Randy Frederick, managing director of active trading and derivatives at Charles Schwab, says that recent moves by European Central Bank President Mario Draghi and Federal Reserve Chairman Ben Bernanke have "taken the majority of downside risk out of the market."
It’s been a busy two weeks in the financial world. First came Draghi’s introduction of the Outright Monetary Transactions program, allowing for unlimited purchases of sterilized government debt; then the Federal Reserve announced an open-ended third round of quantitative easing, which entails purchasing additional agency mortgage-backed securities at a pace of $40 billion per month. The Fed will also continue with “Operation Twist” (extending the average duration of its holdings) and pushed its commitment to keep the Fed Funds rates at “exceptionally low levels” out until mid-2015.
Frederick says the moves by Draghi and Bernanke, "[Explicitly say] they’ll do whatever it takes to support their respective economies."
Last week, options industry volume was nearly double the low levels traders saw during most of August, but still falls far short of last August’s spike, which resulted from fears over a potential collapse of the euro and fallout from the debt ceiling debate. “It appears that fear is indeed a stronger emotion than greed,” Frederick says.
For the seventh time in the past nine years, September looks to be a positive month, despite its bearish reputation, Frederick says. He predicts that the market is due for consolidation or a small pullback, as the SPX remains above his near-term resistance levels of 1435 and 1447, but says that "it's difficult to imagine a really sizeable pullback outside of a major unexpected news event" such as a terrorist attack or an Israeli strike against Iran.
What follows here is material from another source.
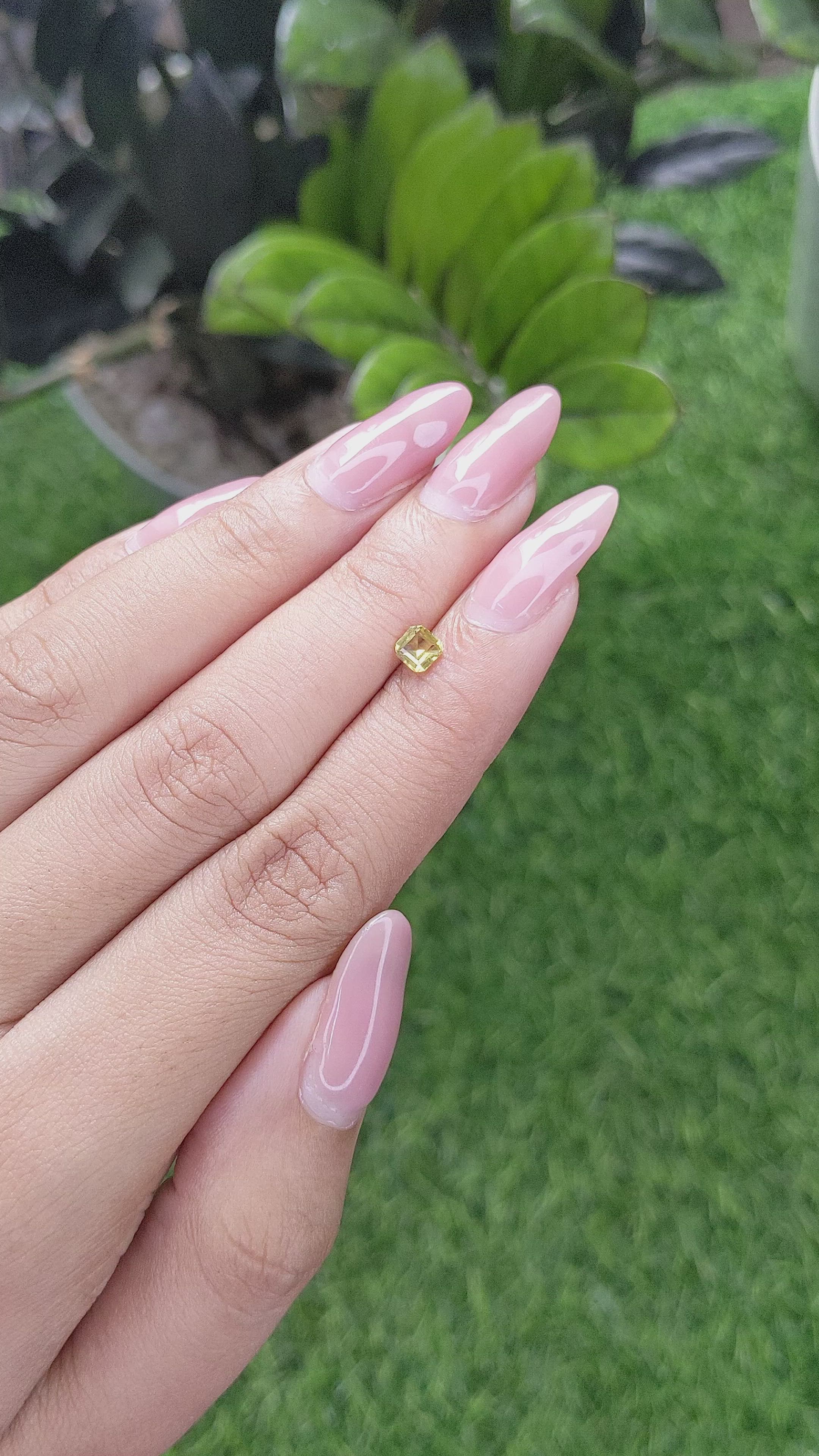 0.38 Ct. Chrysoberyl from Ceylon (Sri Lanka) Size Video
He also anticipates that traders will soon “begin to focus on the psychologically significant level of 1500.”
Frederick adds that the recent strength of the market has caused the CBOE Volatility Index (VIX) to decline. “While a low VIX is not necessarily indicative of an inevitable spike,” he notes, “it does tend to magnify the intensity of any spikes that might occur.” He estimates that even small news items could result in a spike of four or five points, but anticipates that the VIX would quickly stabilize. “[The VIX] tends to react to the market far more often than it predicts it," he says.